Avida Martinez: My Journey from Community College to the Harvard Graduate School of Education

In this piece, Avida Martinez traces her journey from community college to the Harvard Graduate School of Education, showing how early experiences at a highly supportive community college shaped a lifelong commitment to higher education. Through transferring to UC Santa Barbara, working in transfer support roles, and later serving in higher education positions at UC Berkeley, Avida saw firsthand how institutional structures often marginalize community college and transfer students. At HGSE, coursework and mentorship centered on community colleges as sites of expertise rather than exceptions, reframing her pathway as a source of leadership and insight.

Avida Martinez (she/her)

Avida Martinez is an Ed.M. candidate in the Education Leadership, Organizations, and Entrepreneurship (ELOE) Program with a Concentration in Higher Education at the Harvard Graduate School of Education. Avida is interested in the intersection of economics and education with a focus on financial literacy, community colleges, transfer policy, and student access. She currently serves as an Academic Programs and Student Services Assistant at HGSE, where she supports student services operations, leads inclusion and belonging initiatives, and delivers high-quality frontline support. Previously, Avida worked at the University of California, Berkeley as both a Curriculum Planner & Scheduler and a Financial Services Analyst, managing course accessibility, enrollment systems, payroll, and financial aid compliance. Her background spans fiscal management, labor compliance, academic affairs, and student advocacy across community colleges and four-year institutions. She holds a B.A. in Economics from UC Santa Barbara and an A.A. in Economics from Orange Coast College.
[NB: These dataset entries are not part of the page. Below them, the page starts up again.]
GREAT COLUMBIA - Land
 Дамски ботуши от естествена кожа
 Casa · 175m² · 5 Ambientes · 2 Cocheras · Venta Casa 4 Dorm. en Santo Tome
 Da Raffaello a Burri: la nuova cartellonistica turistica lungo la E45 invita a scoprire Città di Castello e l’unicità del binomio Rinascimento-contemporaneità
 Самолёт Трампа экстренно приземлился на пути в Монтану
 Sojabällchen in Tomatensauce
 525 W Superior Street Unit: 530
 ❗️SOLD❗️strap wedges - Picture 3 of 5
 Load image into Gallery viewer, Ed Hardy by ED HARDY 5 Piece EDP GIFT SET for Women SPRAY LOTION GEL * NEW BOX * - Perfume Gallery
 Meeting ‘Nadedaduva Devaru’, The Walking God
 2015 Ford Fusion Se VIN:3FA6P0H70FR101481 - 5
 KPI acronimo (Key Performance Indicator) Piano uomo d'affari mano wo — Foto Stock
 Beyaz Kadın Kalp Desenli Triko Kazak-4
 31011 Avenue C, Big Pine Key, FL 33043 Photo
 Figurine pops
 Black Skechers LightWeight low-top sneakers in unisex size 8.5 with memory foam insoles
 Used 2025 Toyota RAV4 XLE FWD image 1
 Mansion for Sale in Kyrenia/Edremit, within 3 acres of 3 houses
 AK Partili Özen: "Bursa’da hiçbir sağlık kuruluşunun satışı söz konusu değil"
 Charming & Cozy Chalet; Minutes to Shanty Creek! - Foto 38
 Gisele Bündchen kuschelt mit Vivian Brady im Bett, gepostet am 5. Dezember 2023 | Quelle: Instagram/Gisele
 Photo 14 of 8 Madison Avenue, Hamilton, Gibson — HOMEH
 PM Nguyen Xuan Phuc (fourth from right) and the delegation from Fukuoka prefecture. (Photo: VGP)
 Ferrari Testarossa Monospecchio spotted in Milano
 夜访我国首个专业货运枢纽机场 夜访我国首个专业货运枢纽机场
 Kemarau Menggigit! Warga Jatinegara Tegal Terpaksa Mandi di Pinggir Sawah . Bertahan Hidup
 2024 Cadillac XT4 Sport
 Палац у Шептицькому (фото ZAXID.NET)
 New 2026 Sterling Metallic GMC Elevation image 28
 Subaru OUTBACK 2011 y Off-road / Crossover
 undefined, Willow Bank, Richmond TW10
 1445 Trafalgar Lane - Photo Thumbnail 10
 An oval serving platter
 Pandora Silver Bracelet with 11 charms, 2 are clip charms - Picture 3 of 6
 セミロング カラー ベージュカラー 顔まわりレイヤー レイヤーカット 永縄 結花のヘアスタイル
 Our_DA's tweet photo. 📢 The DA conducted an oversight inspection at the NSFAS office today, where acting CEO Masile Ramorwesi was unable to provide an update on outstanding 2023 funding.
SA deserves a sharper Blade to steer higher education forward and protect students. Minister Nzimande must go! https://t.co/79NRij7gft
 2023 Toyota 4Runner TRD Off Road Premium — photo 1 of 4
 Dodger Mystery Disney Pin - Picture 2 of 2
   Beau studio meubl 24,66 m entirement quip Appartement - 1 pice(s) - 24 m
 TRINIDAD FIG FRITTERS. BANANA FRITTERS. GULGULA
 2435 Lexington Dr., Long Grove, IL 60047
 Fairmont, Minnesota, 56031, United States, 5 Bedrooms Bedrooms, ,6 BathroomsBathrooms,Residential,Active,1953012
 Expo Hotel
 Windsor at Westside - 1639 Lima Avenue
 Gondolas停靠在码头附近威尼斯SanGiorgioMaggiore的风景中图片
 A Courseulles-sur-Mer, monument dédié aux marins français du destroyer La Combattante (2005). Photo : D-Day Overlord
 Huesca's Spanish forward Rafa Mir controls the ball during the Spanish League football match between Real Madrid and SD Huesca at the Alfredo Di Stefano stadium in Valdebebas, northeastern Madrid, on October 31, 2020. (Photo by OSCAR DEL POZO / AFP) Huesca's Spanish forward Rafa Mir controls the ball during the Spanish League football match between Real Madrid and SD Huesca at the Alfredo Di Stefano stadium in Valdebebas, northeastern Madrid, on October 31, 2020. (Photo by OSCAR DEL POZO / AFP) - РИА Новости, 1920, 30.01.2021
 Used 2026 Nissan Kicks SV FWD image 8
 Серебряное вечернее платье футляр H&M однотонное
Enrolling in HGSE’s Ed.M. in Education Leadership, Organization, and Entrepreneurship, with a concentration in Higher Education, has been one of the greatest educational experiences of my life.

My love for higher education started long before HGSE. I was lucky enough to attend a highly resourced community college, Orange Coast College, where I joined the transfer opportunity program and had access to one-on-one counseling and additional drop-in hours. I fell in love with my on-campus work environment, the transfer community, and the faculty who were solely focused on students’ academic experiences. I earned my associate’s degree in economics, but I used to say that if my community college awarded bachelor’s degrees, I would’ve stayed.

After transferring to the University of California, Santa Barbara, I majored in economics. I didn’t see students like me or the thousands of other transfers centered in higher-ed conversations, so, while working part-time at the transfer center during my bachelor’s, I wanted to merge my love for higher education and economics. My work bridged my academic interests and lived experience. I wasn’t just another transfer student trying to survive a competitive major, but someone other transfers trusted with their questions, anxieties, and hopes.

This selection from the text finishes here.